I disagree with you partially with respect to ancient morality and the classical mind. While there was clearly some moral discomfort on the part of the Romans with respect to gladatorial games, even thoughtful men like Cicero found no fault with them when the participants were criminals. Clearly, attitudes change as civilazation changes, and I think you're missing something if you don't take the ancients on their own terms, rather than viewing them with a modern eye. But, that's another discussion for a different topic.

Still, I think the treacherous moral ground is that which applies to war. Clearly the Nazis and the SS are the easy case, as their initiation of the Holocaust was an act of human destruction, and therefore of immorality, on an almost unprecedented scale. Therefore, it is very easy to justify a moral argument for their destruction.

However, most other wars are much less clearly divided along moral lines. Based on our discussion of morality so far, it's very difficult for me to see that either side had a claim to moral justification in the war of American Independence, for example. Taxation and British government weren't destructive to human life or society in the colonies, so did the desire for freedom and self-government alone justify warfare and killing?

In my view, it's very hard for states to adhere to a moral code. States must make decisions based on pragmatic, survivalist lines.

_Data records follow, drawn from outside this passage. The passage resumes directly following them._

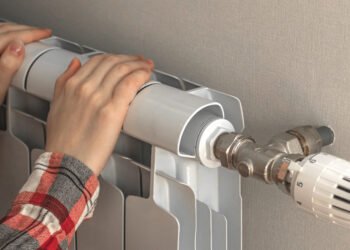 «Ситуация сложная, но контролируемая». Части Киева планируют вернуть тепло уже вечером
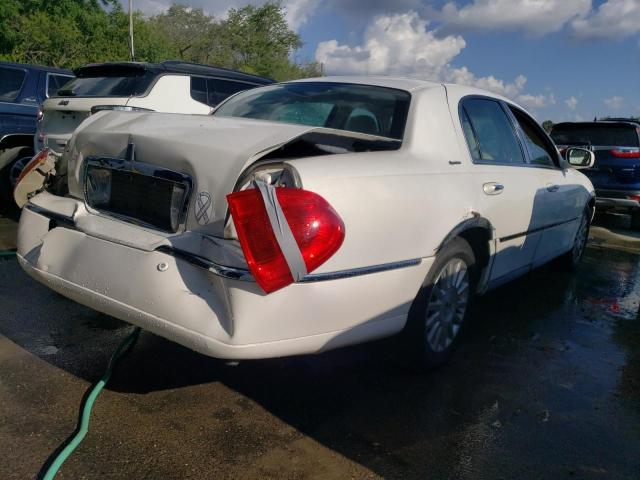 1LNHM82W43Y623940 - 2003 LINCOLN TOWN CAR S WHITE photo 4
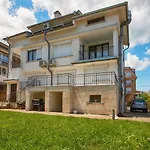 Valchevi 3*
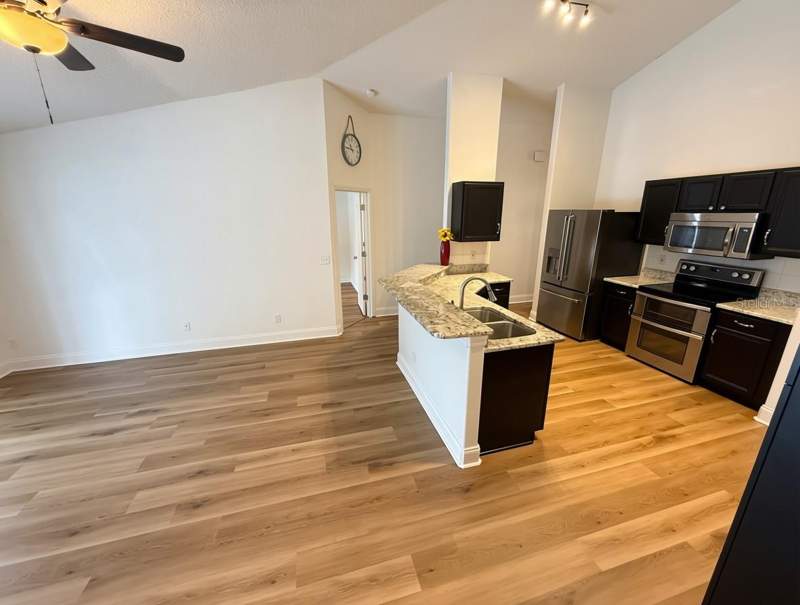 3 bedroom Single Family Residence at 5325 Watson Road, Random Oaks Ph 2 Unit 2, Riverview — photo 4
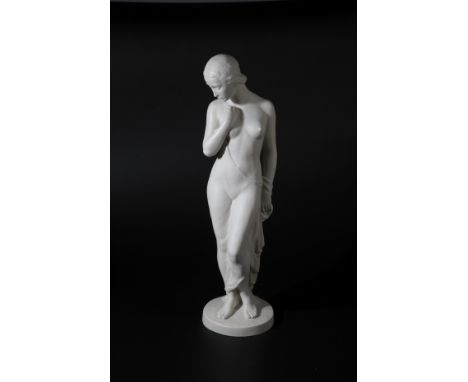 Stehender Mädchenhalbakt Rudolf Kaesbach (Entwurf), Rosenthal, um 1936 Biskuit. Bez.: R. KAESBACH (geritzt), grüner Manufaktu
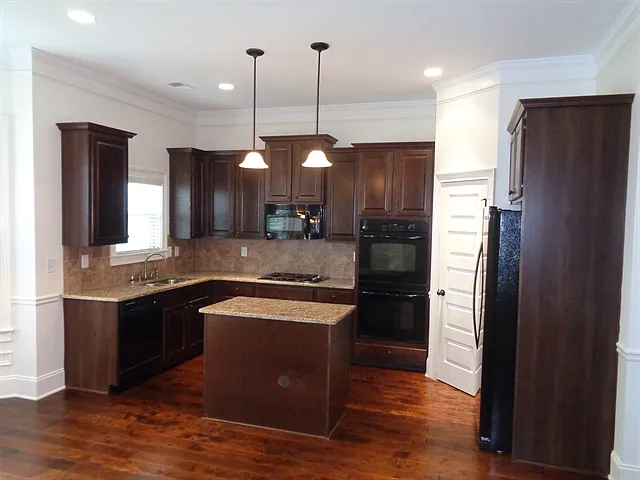 3207 Trinity Grove Dr — Photo 5
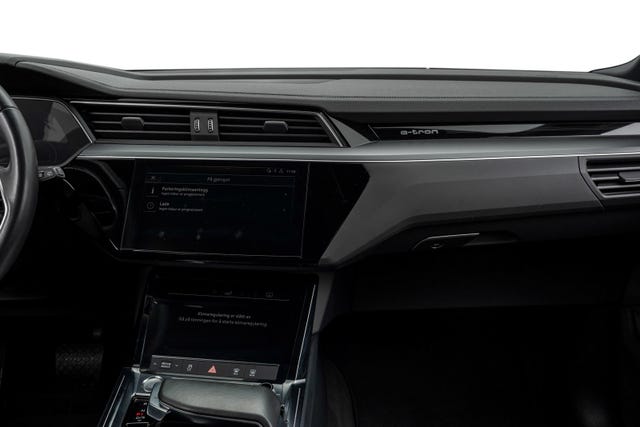 2020 AUDI E-TRON - 19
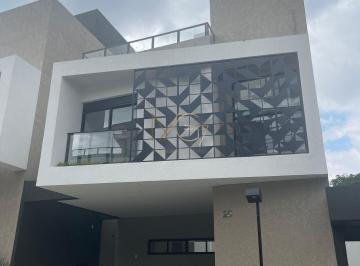 Casa · 253m² · 3 Quartos · 2 Vagas · Condominio de Sobrados de Alto Padrão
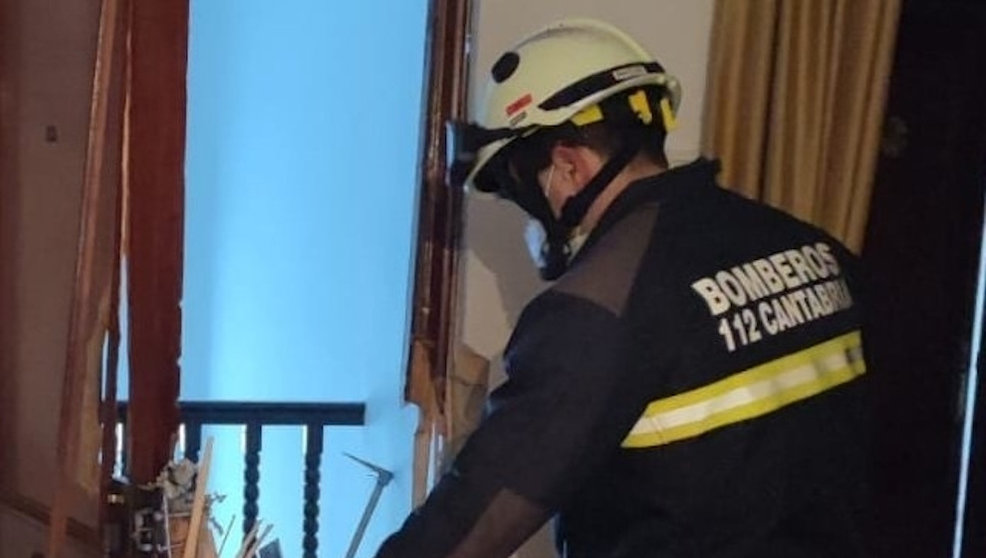 Los Bomberos del 112 realizan la apertura de la puerta de un domicilio en el que encontraron a una persona mayor caída en el suelo con signos de hipotermia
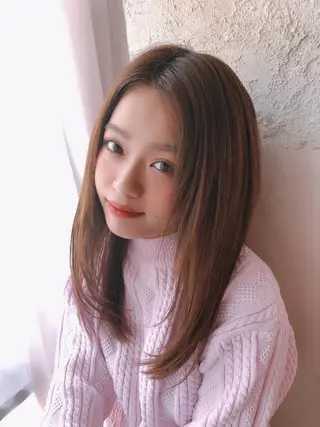 ミディアム 代表山口ひな 髪質改善のプロのヘアスタイル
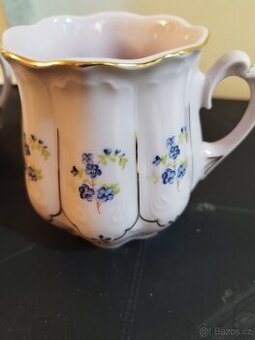 Růžový porcelán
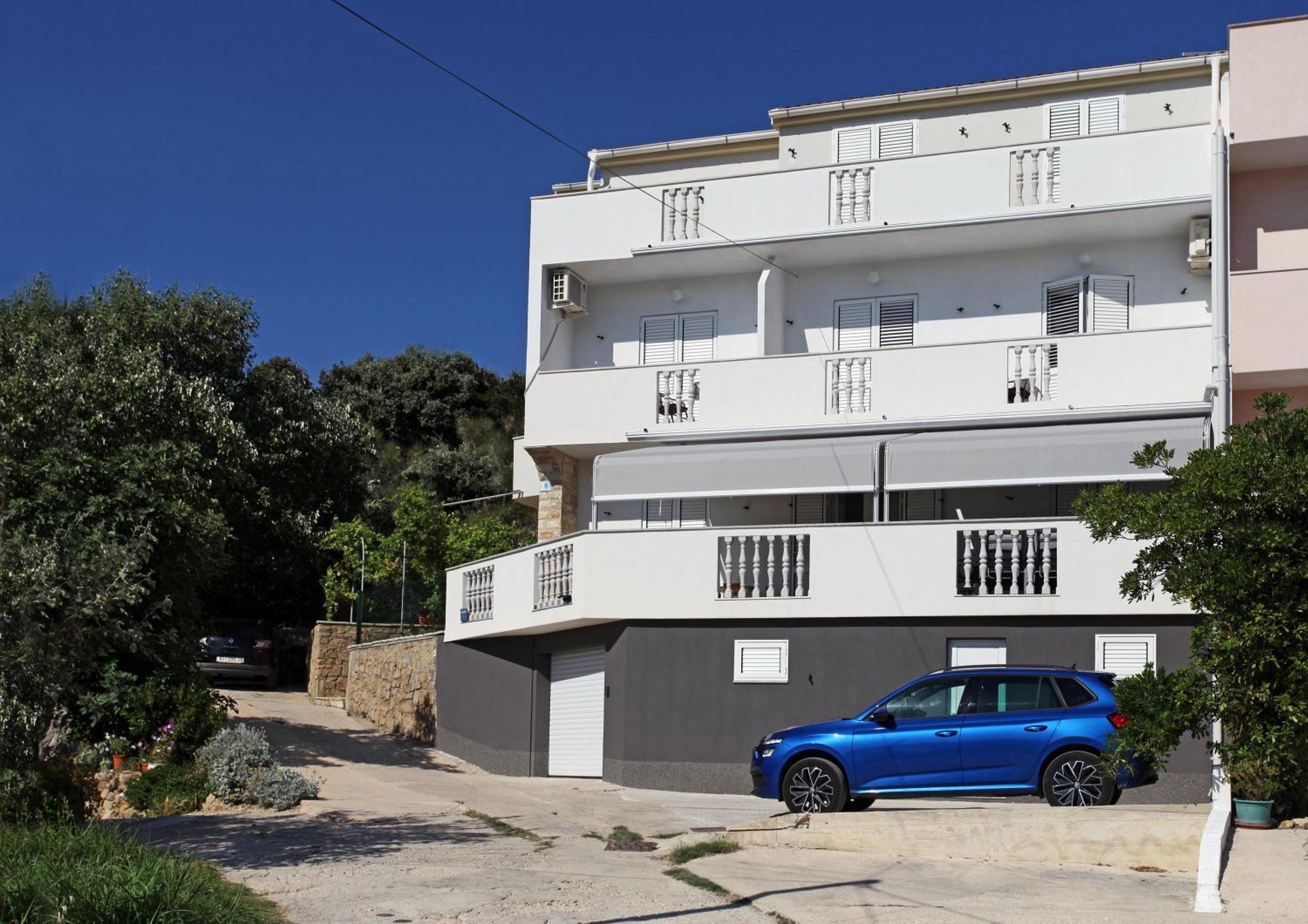 Apartments Madona Pag Town Bagian luar foto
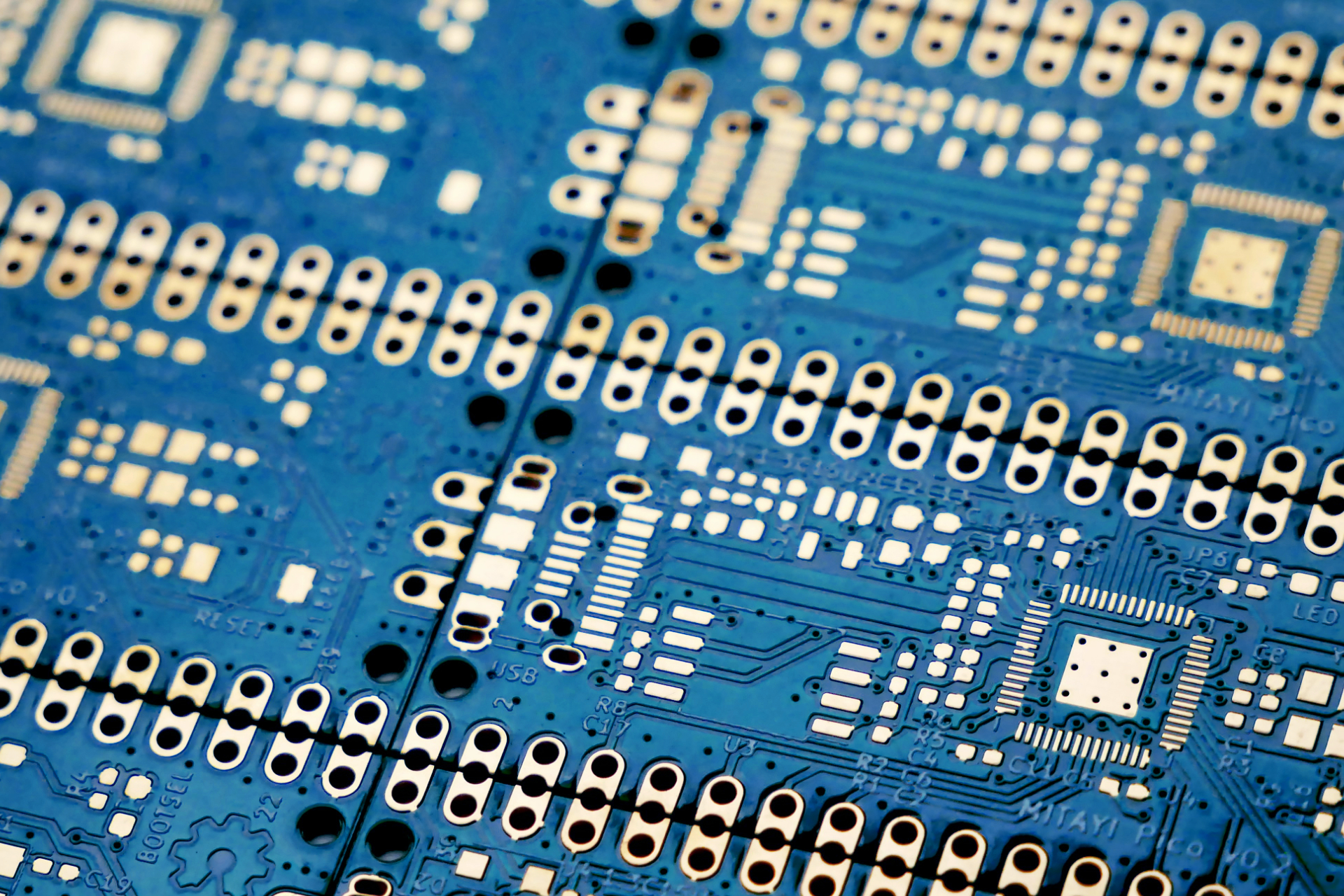 Elektrotechnik-Komponenten – BBM fertigt Blechteile für elektronische Anwendungen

To state it radically, I think Jesus would have made a very poor head of state, because Jesus would have put the needs of people (citizens of his country or not) before the needs of the state in every case. Once the military was disbanded, the treasury emptied, and the border abandoned, Jesus' government would simply cease to exist, and the nation would be wholly dependent on the good morality of its neighbors not to send an army in and put the citizens to the sword or enslave them. That isn't good government, in my opinion.

So, states sometimes have to make hard choices for the benefits of their citizens. The war for American Independence was fought for the benefit of the citizens of the colonies, and nothing more. Most wars are started or fought for practical matters like wealth or security, and not for moral reasons. Yet, moral arguments will be constructed to justify them.

So, demonize the SS and get up on your moral high horse if you want. There isn't a problem with that. Just be careful how you perceive morality as it applies to war.

[ May 28, 2006, 12:10 PM: Message edited by: Runyan99 ]

Link to comment
Share on other sites

Our morality is in substance classical, so it hardly amounts to "not taking the ancients in their own terms" to hold them to it as a standard. Plato and Aristotle and Xenophon are ancients. Epictetus is an ancient. The sermon on the mount is ancient.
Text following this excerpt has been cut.